Perdebatan mengenai AI juga menyentuh dunia pendidikan. Dalam forum tersebut, AI dan coding perlu diperkenalkan sejak pendidikan dasar dan menengah.

Anak-anak saat ini dapat mengakses AI dengan sangat mudah melalui media sosial, komunitas daring, maupun platform digital tanpa harus menunggu pembelajaran formal di sekolah.

Oleh sebab itu, pendidikan memiliki peran penting untuk memberikan fondasi etika, kemampuan berpikir kritis, literasi digital, perlindungan data pribadi, serta integritas akademik dalam penggunaan AI.

Prof. Stella menyampaikan pandangan yang berbeda. Ia tidak percaya bahwa guru merupakan sosok yang paling tepat untuk mengarahkan anak dalam menghadapi gelombang teknologi.

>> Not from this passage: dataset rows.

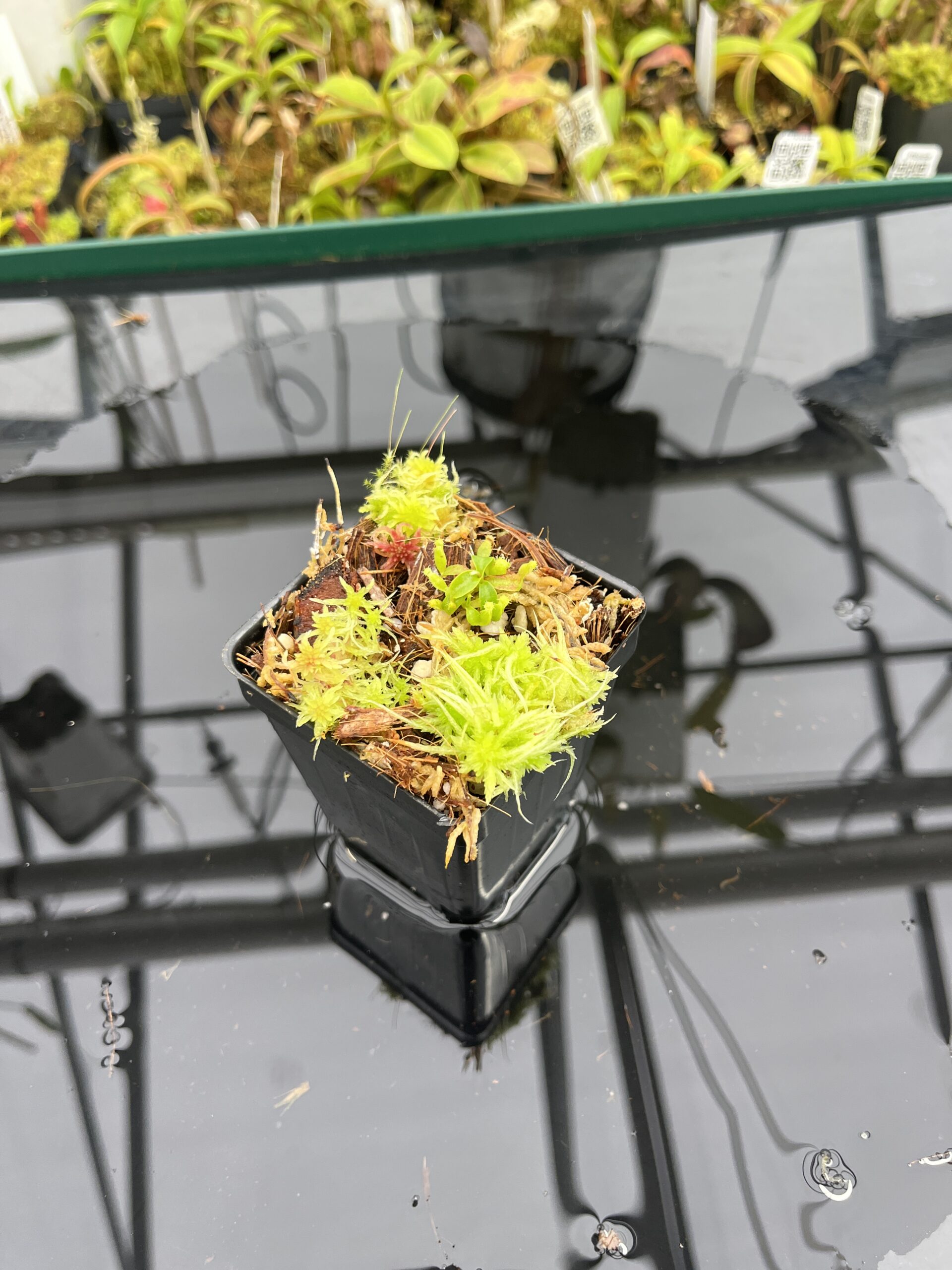 Wide Angle of Nepenthes peltata x villosa | Clone 2 | Jeremiah Harris | JH-449.02 | IN25260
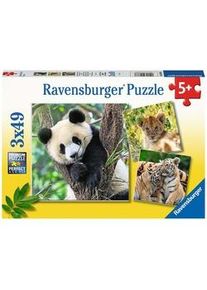 Ravensburger Puzzle Panda Tiger & Löwe 3X49-Teilig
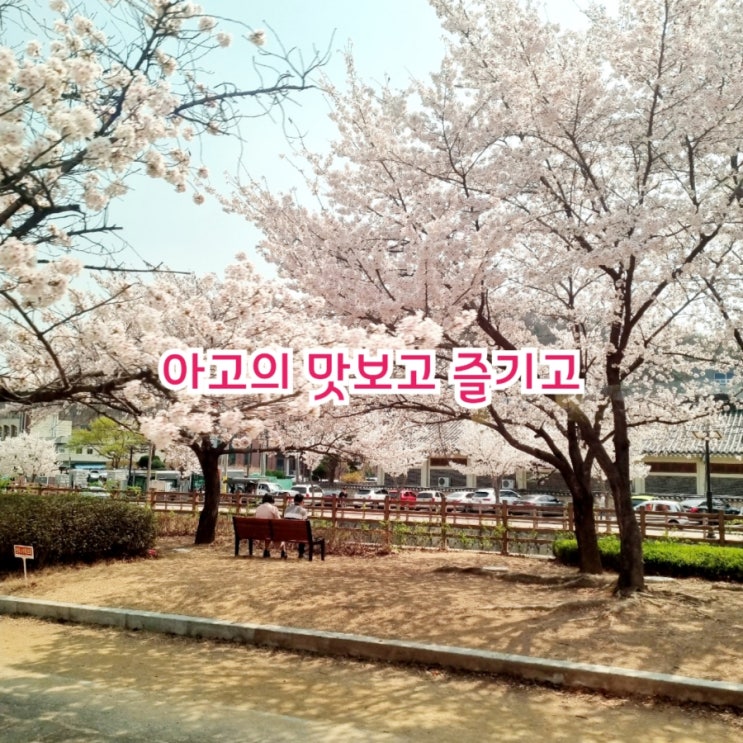  아고의 맛보고 즐기고~ 국내여행 W13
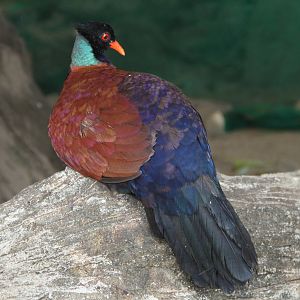 Pheasant Pigeon (Otidiphaps nobilis nobilis)
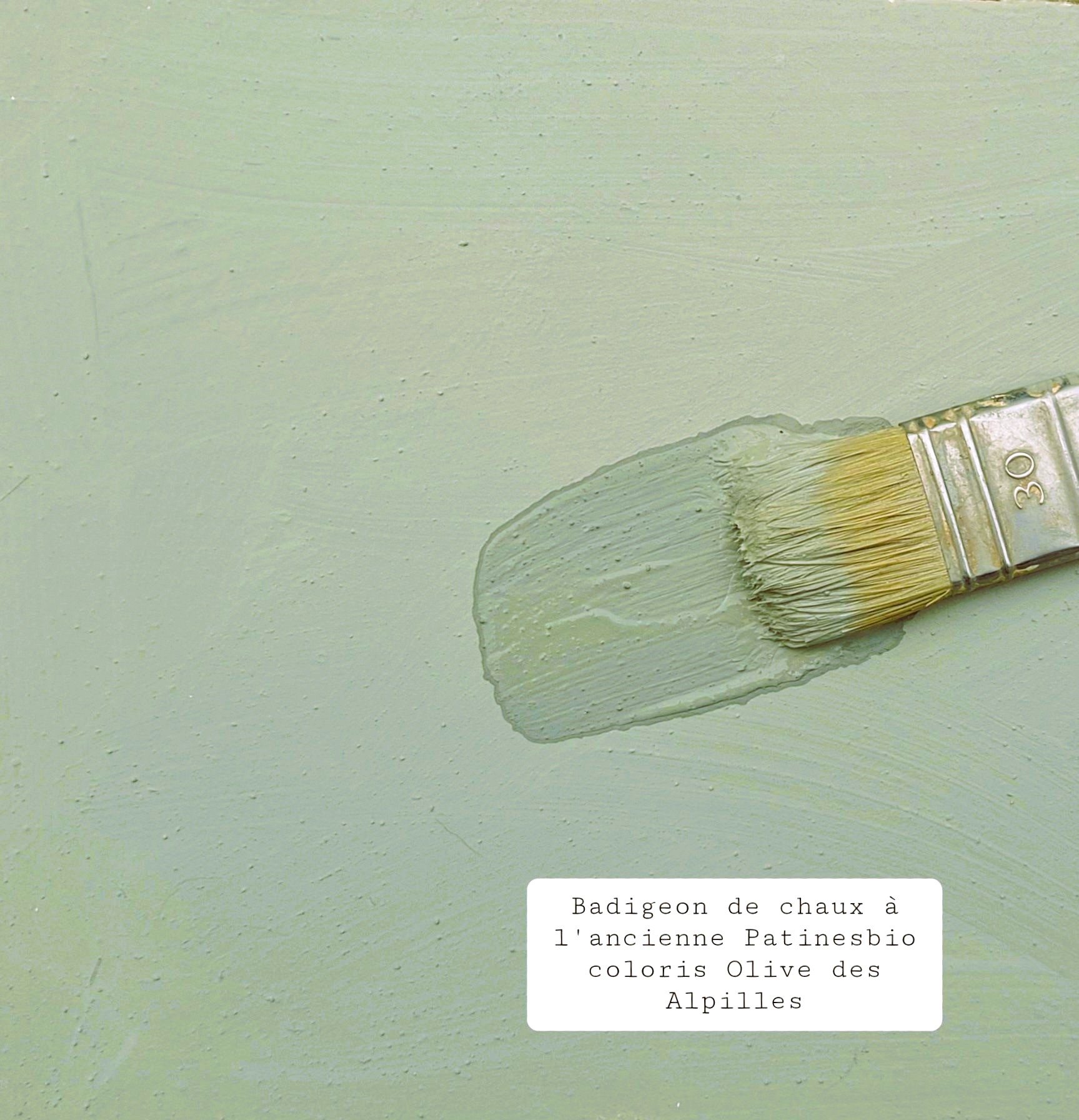 olive des alpilles chaux peinture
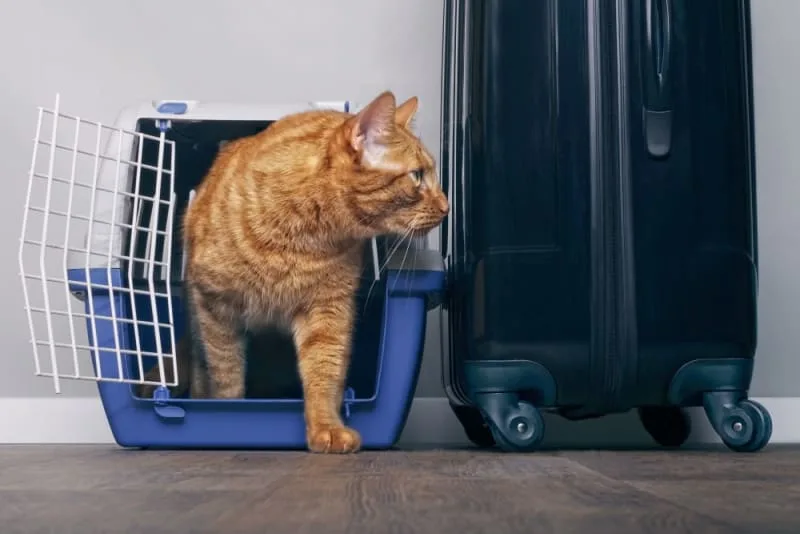 How to Travel With a Cat: Tips for a Low-Stress Trip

Anggapan bahwa anak dan remaja lebih mendengarkan guru dinilai tidak realistis, karena masyarakat biasanya mengadopsi teknologi jauh lebih cepat daripada kemampuan pemerintah atau institusi pendidikan untuk mengaturnya.

Menurutnya, laju adopsi teknologi di masyarakat sering kali jauh lebih cepat dibandingkan kemampuan institusi pendidikan mengikuti perubahan tersebut.

Perbedaan pandangan ini justru menunjukkan bahwa diskusi mengenai AI tidak dapat disederhanakan menjadi dua kubu yang saling bertentangan. Yang lebih penting adalah mencari titik temu agar sekolah, keluarga, pemerintah, dan penyedia platform digital sama-sama mengambil tanggung jawab dalam membangun literasi AI yang sehat.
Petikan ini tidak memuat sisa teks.